Ahh, February. The official month of candy hearts, slushy grey weather (at least in DC) and getting real about health goals. The rosy optimism of our New Year’s diet resolution has faded, and it’s time to be a little bit more realistic. Maybe your three day cleanse lasted about six hours (believe me, I’ve been there…), or perhaps your “Whole 30” was more of a “Whole 7.” No matter how dire your crisis of will power or how epically you fell off the diet wagon, this is no time to beat yourself up. Instead, let’s look at four ways to diet-proof our diets. These tips will give you longer lasting results than any cleanse… and they are infinitely more fun:
1. Spot the fads and steer clear
The first step of diet-proofing is to stop the fads in their tracks. These days it seems like there is a new diet fad born every minute. One week it’s Keto, and the next it’s some new super-cleanse. Though these attempts at “biohacking” may come in all shapes and sizes, they usually have a couple things in common… including big, unproven claims. See a diet that promises quick fixes to health problems or rapid weight loss? Approach with caution. Even if a diet plan helps you lose weight rapidly, chances are it isn’t healthy or feasible to sustain over the long run.
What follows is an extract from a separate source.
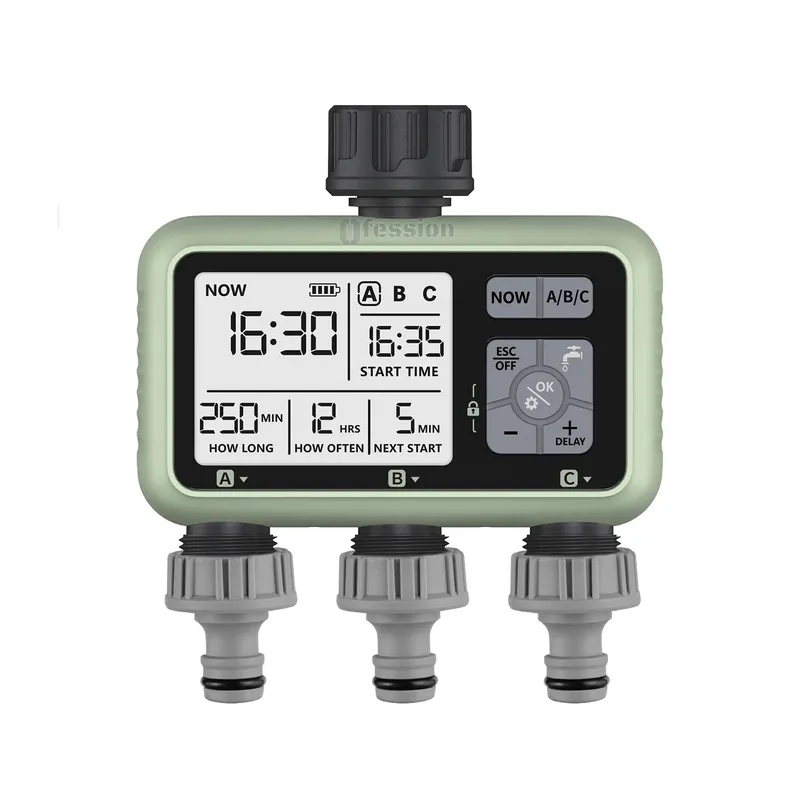 GENERICO - TIMER temporizador programador riego automatico de 3 zonas plantas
2. Honor your internal cues
Instead of overhauling your diet completely, resolve to get to know your internal hunger and fullness cues. Using a hunger scale can help you differentiate actual hunger from boredom or stress. You can also use the scale to rank your fullness during the meal, so you can finished when you are satisfied and avoid that uncomfortable, overstuffed feeling.
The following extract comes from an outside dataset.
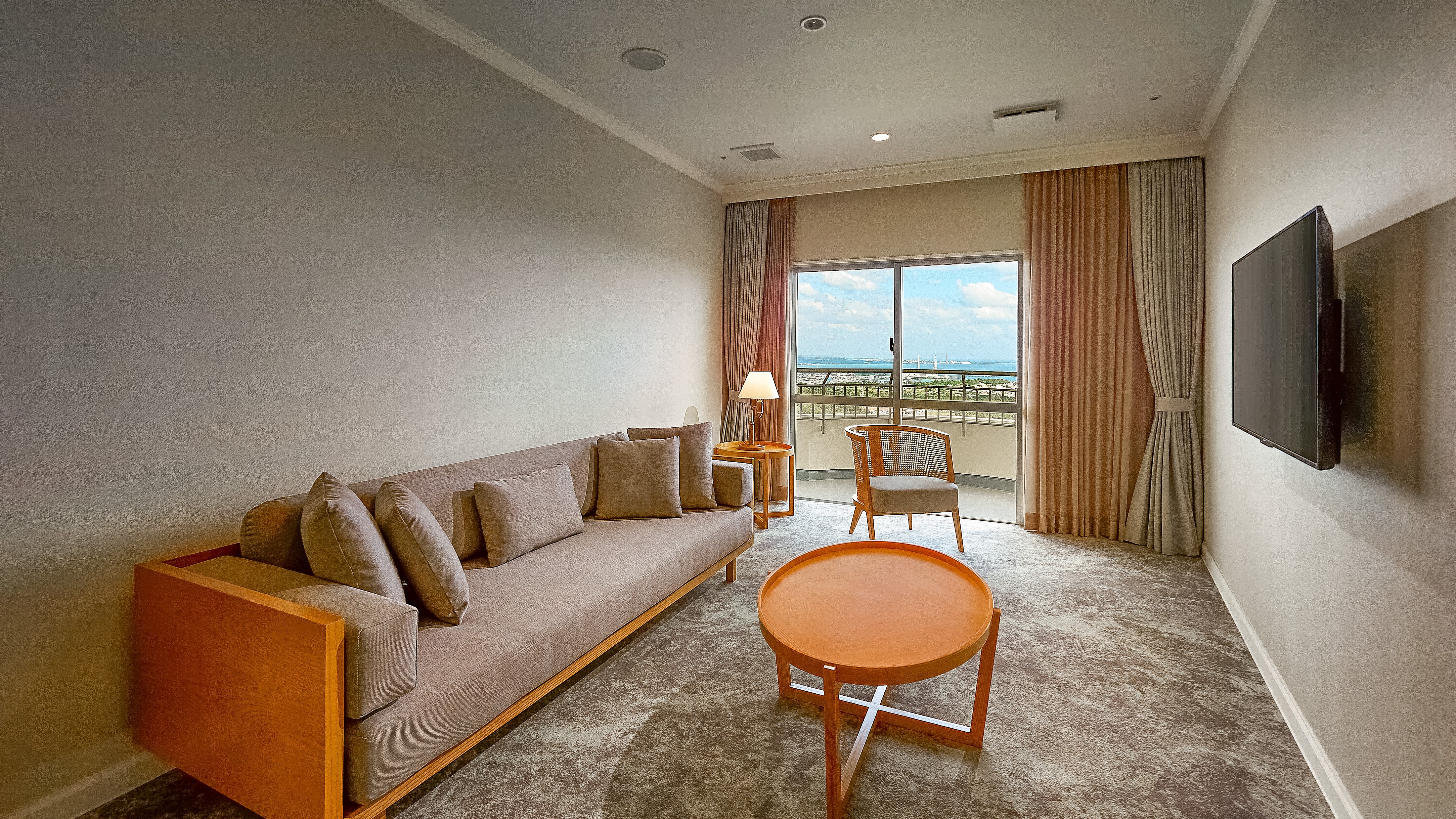 2ベッドルームスイート1キング＆2ツインリビング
3. Get acquainted with MyPlate
The Dietary Guidelines for Americans are the gold standard for science-based diet advice. That’s why nutrition experts and health professionals count on the guidelines to set goals for their patients, and lawmakers rely on the guidelines to steer nutrition policy. With tools like the USDA’s MyPlate, you don’t need an advanced degree in nutrition to eat according to the guidelines. Using MyPlate can help make sure that you get the right mix of food groups you need to build a healthy eating pattern. It’s also easily adaptable, so you can still put your own unique spin on your meals and make your diet fit your lifestyle.
4. Set “SMART” Goals
Vague or unreasonable goals are a recipe for failure. Instead, use the “SMART” acronym to set yourself up for success:
- Specific: Make sure your goal is specific, so you’ll know exactly what you are trying to achieve.
- Measurable: Set some quantifiable markers to measure your success.
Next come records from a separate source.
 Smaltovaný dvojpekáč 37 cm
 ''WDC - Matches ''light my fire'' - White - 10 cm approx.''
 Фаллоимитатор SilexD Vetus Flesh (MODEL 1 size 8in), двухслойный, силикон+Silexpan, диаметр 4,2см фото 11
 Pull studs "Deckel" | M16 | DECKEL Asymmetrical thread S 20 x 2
- Achievable: Take a moment to make sure the goal is reasonable.
- Relevant: Think about the biggest health and nutrition priorities in your life right now, and adjust your goal so it aligns with those priorities.
- Time-limited: Have a deadline for the goal.
For example, the goal of “eat more vegetables” can be reframed as “eat at least one serving of vegetables during lunch, every day for the next month.” Resources like registered dietitian nutritionists and certified health coaches can help you not only stick to your goals, but to also set SMART-er goals in the first place.
Put these tips into practice, and you’ll never have to worry about an epic diet disaster again.